Theuma’s testimony – so far never contradicted by the established facts – reveals that there is no hyperbole in saying these are the workings of a Mafia State. There is an entire hierarchy of personnel the crooks can draw on – a Head of customer care, an employment agency, a member of the Prime Minister’s security detail…

Theuma’s testimony confirms at least part of Yorgen Fenech’s claims. Fenech did know secret details of the assassination investigation. Whether it was really through Keith Schembri or another source, we still need to confirm. Either way, it was a mole deep inside the State apparatus.

Some men in this episode proclaim their innocence of any knowledge of the plot in which they played a part. If true, it still doesn’t make the system any less of a Mafia-serving machine.

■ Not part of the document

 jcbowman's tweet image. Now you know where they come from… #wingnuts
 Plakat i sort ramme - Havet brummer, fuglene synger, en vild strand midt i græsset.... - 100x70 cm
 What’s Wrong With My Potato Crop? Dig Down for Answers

Let’s not baulk from the word ‘mafia’. It is another lie to blame ‘big business’ as the serpent in the Labour paradise. Mafias are themselves business enterprises involved not only in trade of illegal goods and violence but also in selling stitched-up contracts and protection. Some big businesses are part of the corruption, but they joined a game set up by organised crime at the heart of power.

Things are worse if it’s established that they are innocent of any knowledge of murderous intent, these men of walk-on parts like Sandro Craus, the Head of customer care at OPM, and Tony Muscat, the man who interviewed Theuma. It would mean the reason why they obeyed orders so automatically has to be because they were part of a system designed to operate this way.

As reported, the interview conducted by Muscat followed form in the pedantic detail – a panel of three, gathered in a board room, a job question asked, an official decision handed down. Clearly, the charade was performed so that a reassuring official answer could be given if a probing question were asked. Even this week, we were being assured that there had been a public call for applications for Theuma’s phantom job.

It is a system organised meticulously with deception in mind. It evidently wasn’t cooked up just for Theuma. The system was devised for the routine administration of lies.

The system of government was stripped of every alarm bell, every security lock and every guardrail. The details have been spelled out by Kevin Aquilina, the legal scholar, in an op-ed in The Times of Malta yesterday.

The separation of powers was eroded to tempt the watchdogs to look the other way. When watchdogs did bark, they were ignored or, worse, called traitors. Unfettered, arbitrary power was concentrated in the hands of Joseph Muscat, his partners, and their minions.

For Muscat now to speak grandly about solving the case “under my watch” is grotesque. On his watch, the system was deformed and pulled apart, way beyond what anyone had come to expect of our already-tainted clientelistic system.

But it didn’t happen only on Muscat’s watch. It happened on the watch of those whose Constitutional duty was to watch him – not least Labour ministers and MPs.

As they seek to earn public trust now, do they really think it enough to distance themselves from the crooks? Should they not tell us if they recognise their own misjudgements? Evarist Bartolo has half-told us he does. Even half-telling is better than nothing.

Take Robert Abela, the Labour MP, running for Leader and now in the high-minded business of denouncing ‘diabolical pacts’. Does he not think that the sons of Daphne Caruana Galizia were right all along to denounce the Muscat regime’s diabolical pact? Abela had denounced them in Parliament as detesting Malta. Does he still think he was right?

Every Labour MP and official should be asked questions like these, not least any leadership hopeful. We are owed an explanation of how they could miss the abuse of power that emboldened the assassins. We deserve to know if they recognise any errors of judgement on their own part.

The top priority now is to see that justice catches up with the assassins. But the urgent next priority is to see that the system is fixed. That can’t be done unless the new people in charge recognise it’s broken.